A net profit would mark a long-awaited turnaround for SoftBank and its founder Masayoshi Son whose reputation for having a Midas touch with investing was hit after the failure of high-flying office-sharing startup WeWork.

More pain came when SoftBank’s portfolio of tech startups in its two Vision Funds – which commanded high valuations between 2020 and 2021 – fell out of favour in the higher interest rate environment that followed the pandemic.

To improve its financial position, SoftBank sold almost all of its “crown jewel” stake in Chinese e-commerce group Alibaba (NYSE:).

SoftBank’s cash position – which also includes cash equivalents and liquid bond holdings – as of end-September stood at 5.1 trillion yen ($34.5 billion).

That’s led to high expectations among investors that SoftBank will reward them with share buybacks, analysts say.

SoftBank has in the past conducted share buybacks to help tackle the discount to its net asset value at which its shares trade when the discount has been at similar levels.

“The setup for a buyback is a strong one,” said Rolf Bulk of New Street Research. “But management’s intentions are still unclear.”

In recent quarters, SoftBank has “carefully restarted” investing and it remains to be seen how much more of an aggressive stance the company might take.

“Whereas the rest of the world is investing aggressively in AI startups, SoftBank has become a lot more disciplined in its investments,” said Bulk.

It recently set out stringent quality and valuation criteria for investments, but with few deal announcements to go on, analysts are hoping for clarity on how many companies currently seeking out investment fit the bill.

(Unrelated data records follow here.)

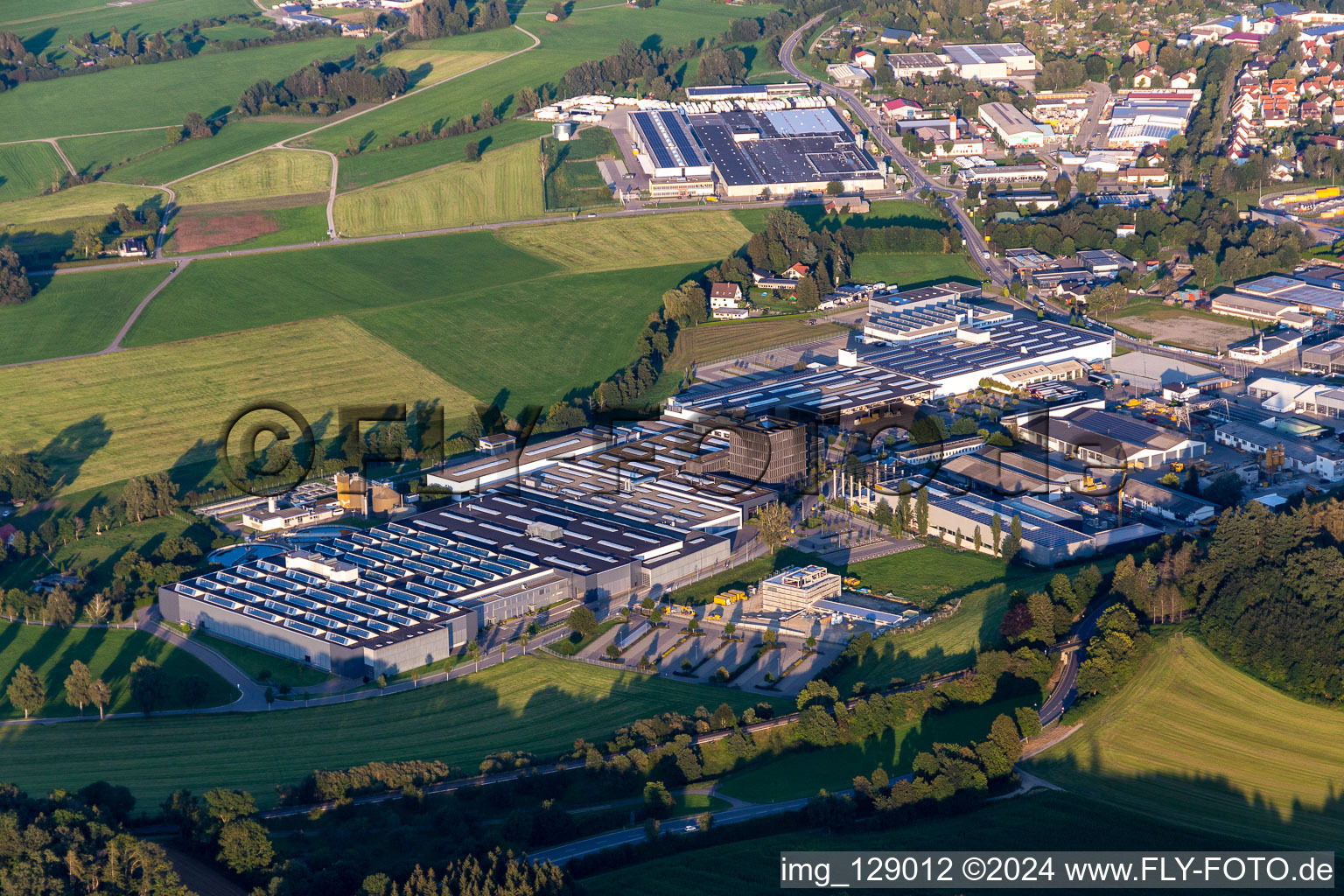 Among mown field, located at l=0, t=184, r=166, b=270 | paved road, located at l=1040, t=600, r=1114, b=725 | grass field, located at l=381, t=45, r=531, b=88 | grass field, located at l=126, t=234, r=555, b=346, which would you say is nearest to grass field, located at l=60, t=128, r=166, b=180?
mown field, located at l=0, t=184, r=166, b=270

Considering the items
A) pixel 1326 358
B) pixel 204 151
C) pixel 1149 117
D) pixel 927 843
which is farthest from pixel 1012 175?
pixel 927 843

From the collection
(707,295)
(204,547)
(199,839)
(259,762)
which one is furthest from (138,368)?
(199,839)

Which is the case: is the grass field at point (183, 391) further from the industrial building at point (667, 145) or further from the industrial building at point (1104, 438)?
the industrial building at point (667, 145)

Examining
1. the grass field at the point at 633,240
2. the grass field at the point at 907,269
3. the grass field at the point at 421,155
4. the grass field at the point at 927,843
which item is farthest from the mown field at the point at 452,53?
the grass field at the point at 927,843

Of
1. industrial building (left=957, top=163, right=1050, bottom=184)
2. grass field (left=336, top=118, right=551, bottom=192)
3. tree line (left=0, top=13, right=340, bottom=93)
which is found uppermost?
tree line (left=0, top=13, right=340, bottom=93)

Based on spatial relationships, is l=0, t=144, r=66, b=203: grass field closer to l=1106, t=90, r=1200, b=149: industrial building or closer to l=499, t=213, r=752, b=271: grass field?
l=499, t=213, r=752, b=271: grass field

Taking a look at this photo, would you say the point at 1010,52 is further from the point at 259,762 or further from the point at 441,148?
the point at 259,762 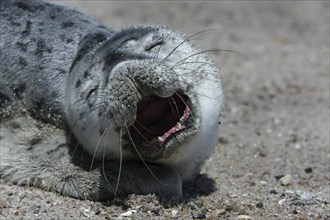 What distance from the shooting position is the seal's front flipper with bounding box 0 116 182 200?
4.41 m

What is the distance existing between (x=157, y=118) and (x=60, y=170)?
701 mm

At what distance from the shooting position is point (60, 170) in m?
4.57

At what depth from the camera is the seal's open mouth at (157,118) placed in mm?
4258

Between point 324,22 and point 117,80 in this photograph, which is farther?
point 324,22

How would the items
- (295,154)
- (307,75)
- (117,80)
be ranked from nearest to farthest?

They also noted that SoftBank could also sell down or use as collateral either its T-Mobile holdings or its 90% stake in chip designer Arm to fund investments or buybacks.

The stake in Arm surged 40% in value between its initial public offering in September and the end of December and is now the largest holding in SoftBank’s portfolio. But as it is a consolidated subsidiary, that jump will not count towards SoftBank’s investment gains in net profit.